[[ Data supplied, beginning ]]

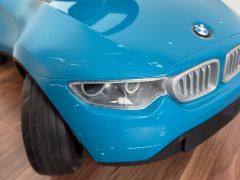 BMW Baby Racer odrazadlo pre najmensích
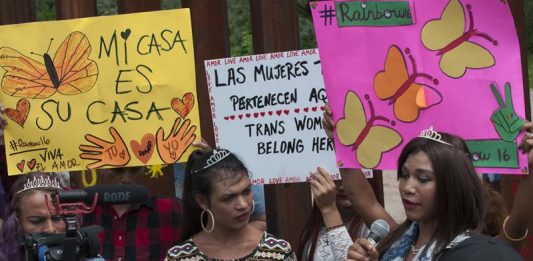 Un grupo de indocumentados transexuales y homosexuales provenientes de México y Centroamérica pidieron este, jueves 10 de agosto de 2017, asilo político en EEUU delante de una garita fronteriza.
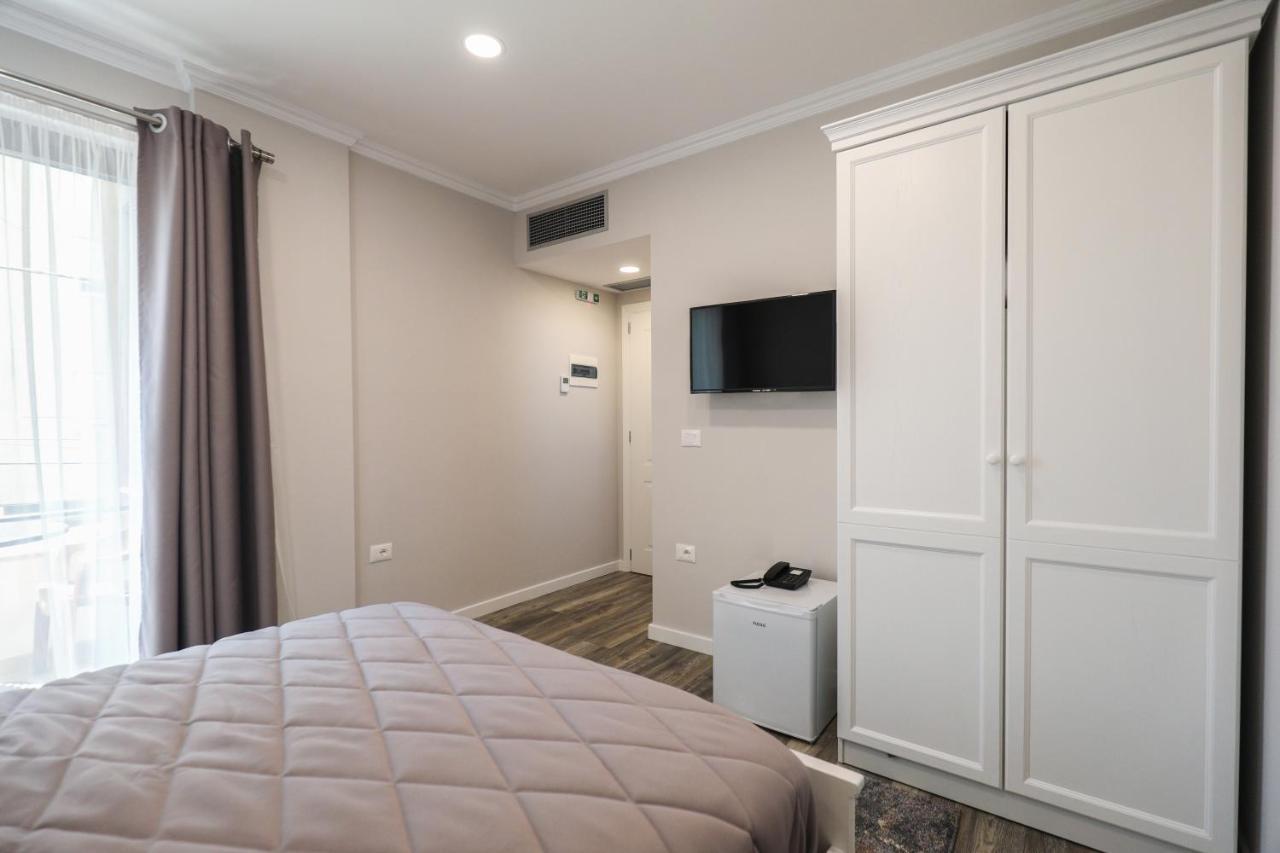 Hotel Peroni Korce Luaran gambar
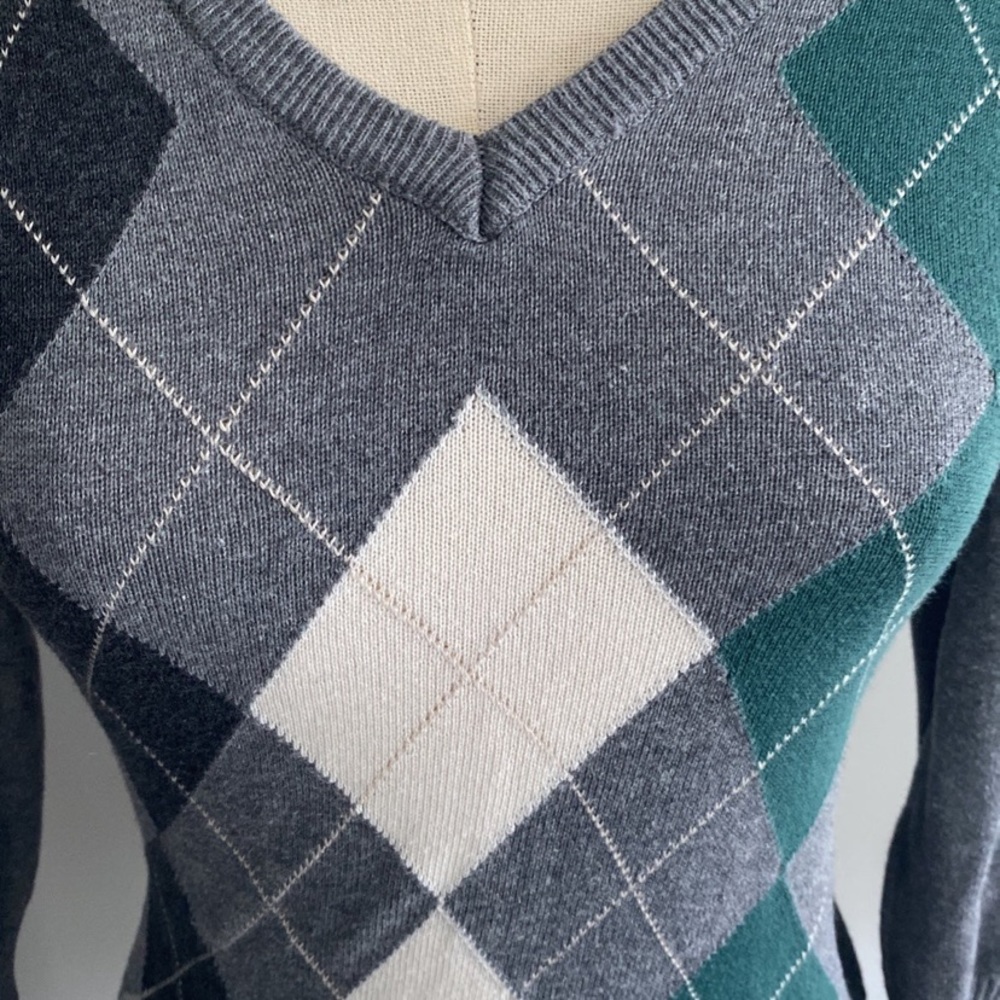 H&M sweater - Picture 2 of 7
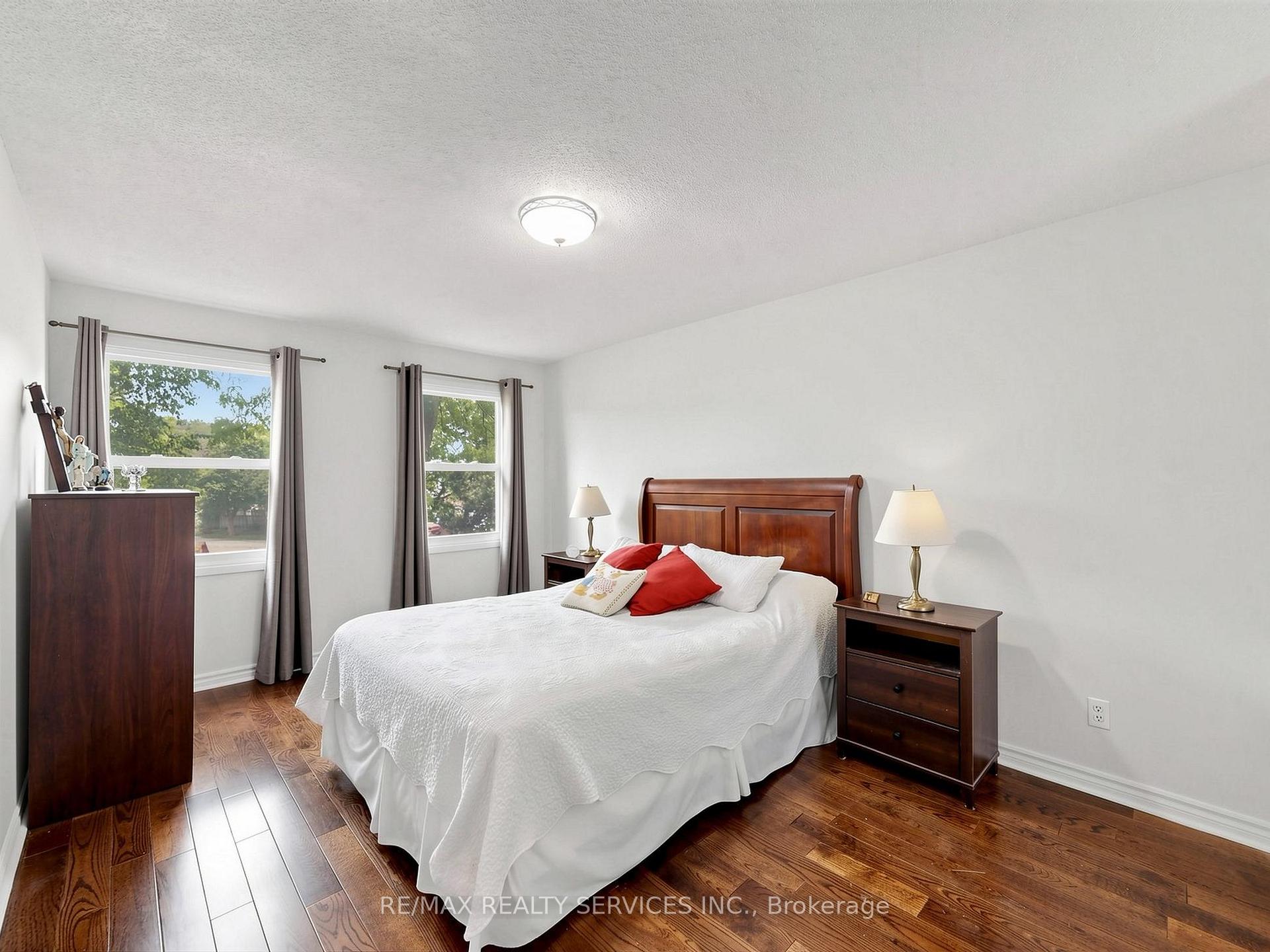 Photo 23 of 30 Mcgillivary Crescent, Brampton, Central Park — HOMEH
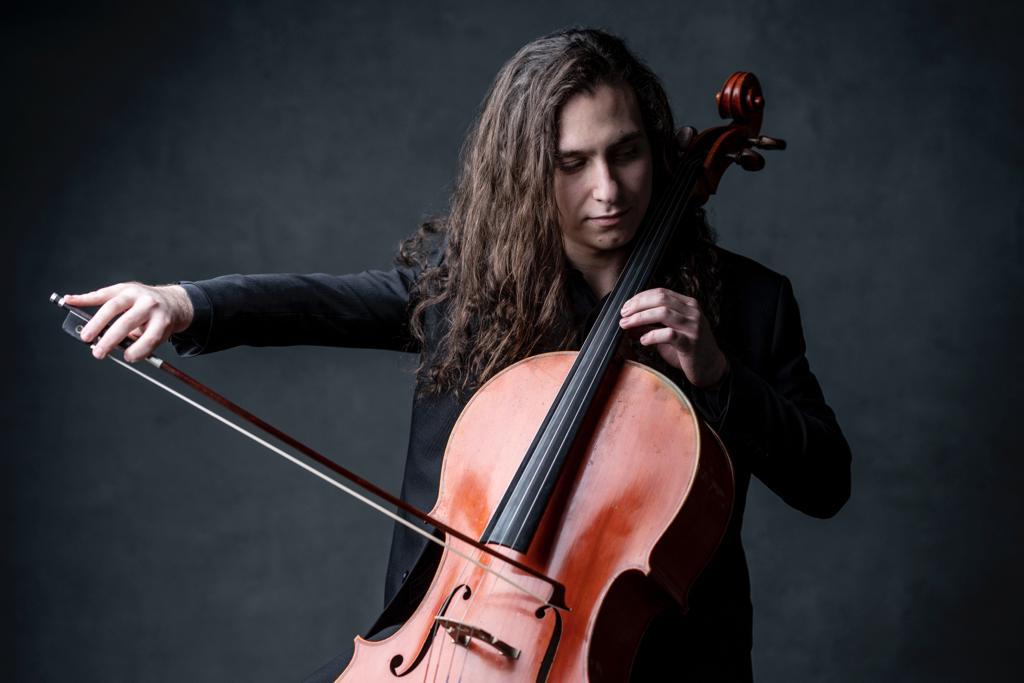 O violoncelista Luiz Fernando Venturelli ganhou recentemente o concurso Victor Elmaleh e foi medalhista no concurso Fischoff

[[ Data supplied, end ]]

## [Exercise]
The records are to be returned word for word, without any of their pictures.

## [Solution to this exercise]
 BMW Baby Racer odrazadlo pre najmensích
 Un grupo de indocumentados transexuales y homosexuales provenientes de México y Centroamérica pidieron este, jueves 10 de agosto de 2017, asilo político en EEUU delante de una garita fronteriza.
 Hotel Peroni Korce Luaran gambar
 H&M sweater - Picture 2 of 7
 Photo 23 of 30 Mcgillivary Crescent, Brampton, Central Park — HOMEH
 O violoncelista Luiz Fernando Venturelli ganhou recentemente o concurso Victor Elmaleh e foi medalhista no concurso Fischoff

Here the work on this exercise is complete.